Episode 100: Un-Forced Error GM: Make an immediate action Mechanic roll. / Anakin: 14. / [SFX]: Clik! / GM: You start the engines and take off after the other racers. / [SFX]: Vrahooomm!!! / [SFX]: Vreeeeooooooowwww!!! / Shmi: [[in the spectator tower]] Who did you sell your blasters to? / Qui-Gon: I dunno. Some sort of... sand... people. / Jar Jar: And howsa they knowin' who to shoot at? / Qui-Gon: I gave them a picture of Watto and told them to shoot at everyone else. / [[Sand People sitting on a race corner; they shoot at Anakin's pod]] / [SFX]: Pow! Pow! / [SFX]: [[a shot bounces off Anakin's pod]] Ktchang! / [SFX]: [[Sand People shouting]] Urrr... Hurr-Hurr-Hurr!!! / R2-D2: Remind me never to play poker with the GM. / Qui-Gon: Why? / R2-D2: There wasn't even a hint of a smile when you handed him those notes.
 
Episode 101: Amaranthine Anakin: / [SFX]: Vreeoooow!! / [[the pod racers fly through a tight canyon, whipping around the curved walls of unforgiving rock]] / GM: / [[close up of one of the other racers shaking a fist at another driver]] / [[a pod hits the rock wall of the canyon and explodes]] / [SFX]: Kapaff!! / GM: / [[the other racers zoom past]] / [SFX]: Zyeooow!! / Anakin: / [SFX]: Vrahooom!! / [[Anakin's pod overtakes around the outside of another racer with a burst of speed]] / GM: / [SFX]: wubwubwubwub... / [[close up of Sebulba, complacently driving in first place as his engine ticks over with a soft purr]] / Anakin: / GM: / [[other racers strung out in a line behind Sebulba, hurtling headlong across a desert plain broken up with dramatic spires of rock]] / [SFX]: Zyeeoooo!! / Anakin: / [SFX]: Vyeeooooo!! / [[the racers enter a long banked turn to the left]] / Anakin: / [SFX]: Zyeeooo!! / [[shot from Anakin's perspective, showing the other racers in front of him, streaking across the plain at breakneck speed]] / GM: / [SFX]: vrrrowWW!! / Anakin: / [SFX]: vyooom!! / [[they fly through a narrow canyon, turning gently to the right past cliff dwellings carved into the rock; a mysterious female bounty hunter watches the race from a balcony]] / Anakin: / [[Anakin overtakes another racer further along the canyon, where the walls are carved by erosion into a series of eerie stalactites and stalagmites]] / [SFX]: vzoo!! vzoo!! / GM: / GM: / GM: / [[emerging from the canyons, another racer loses control and ploughs headlong into the desert sands at incredible speed...]] / [SFX]: FWACKOOOOM!! / [[... the pod explodes in a huge fireball, sending giant shards of shrapnel into the path of the other drivers]] / [SFX]: KERRUNCHH!! / GM: / Anakin: / [[Anakin dodges the flying shrapnel and fights to maintain control of the pod]] / [SFX]: Vazooow!! / [[the racers tear across the shimmering heat of the open desert plain]] / Anakin: / Anakin: How much longer is this race going to take? / GM: We've almost finished one lap of three. It's... 2am. Do you want to keep going?

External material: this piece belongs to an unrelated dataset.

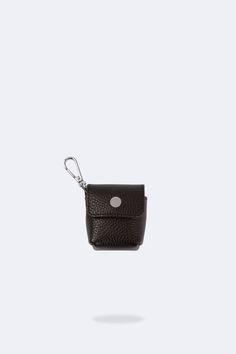 The Avery AirPod Pouch features our classic black pebbled leather with silver tone details and a lightweight leather fold-over snap closure. This must-have accessory connects easily to any Bandolier or pouch set and adds a chic, functional solution to carrying your easy-to-lose AirPods! AirPod: Pouch 2” wide x 2 ⅛” high x 1” deep AirPod Pro: Pouch 2.5” wide x 2” high x 1” deep GENUINE LEATHER - Luxurious pebble leather beautifully molds to your AirPod case and other items. METAL CONNECTOR - desi Everyday Black Bag With Key Clip, Modern Travel Coin Purse With Key Clip, Modern Coin Purse With Key Clip For Travel, Leather Travel Bags With Key Clip, Black Bag With Key Clip For Everyday Use, Black Bags With Key Clip For Everyday Use, Versatile Travel Coin Purse With Key Clip, Black Travel Coin Purse With Key Clip, Black Coin Purse With Key Clip For Travel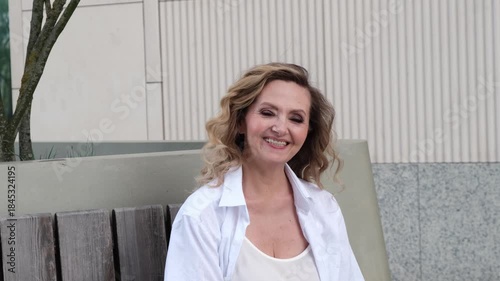 A woman with blonde hair is sitting on a bench. She is wearing a white shirt and a white dress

Episode 102: Sweet Sorrow GM: Just a second... I'm still setting up the race map where we left off last session. / R2-D2: Where's the drama queen? / Obi-Wan: Um... I don't think she's coming. All that dice rolling probably put her off. / Qui-Gon: Oh. Huh. / Qui-Gon: I really thought she was enjoying herself. / R2-D2: Yeah, 'cause of our leet personal skills. / Obi-Wan: Speak for yourself. Charisma isn't my dump stat. / R2-D2: [[under his breath]] That'd be Intelligence, right? / GM: Jim, can you roll for Anakin from now on? / Qui-Gon: Oh. Okay... / [[the race continues along a narrow canyon]] / [SFX]: vreeOOOOW!! / [SFX]: zyeeOOOO!! / Anakin: [[now being played by Jim]] It's my mini-chlorines doing the hard work anyway.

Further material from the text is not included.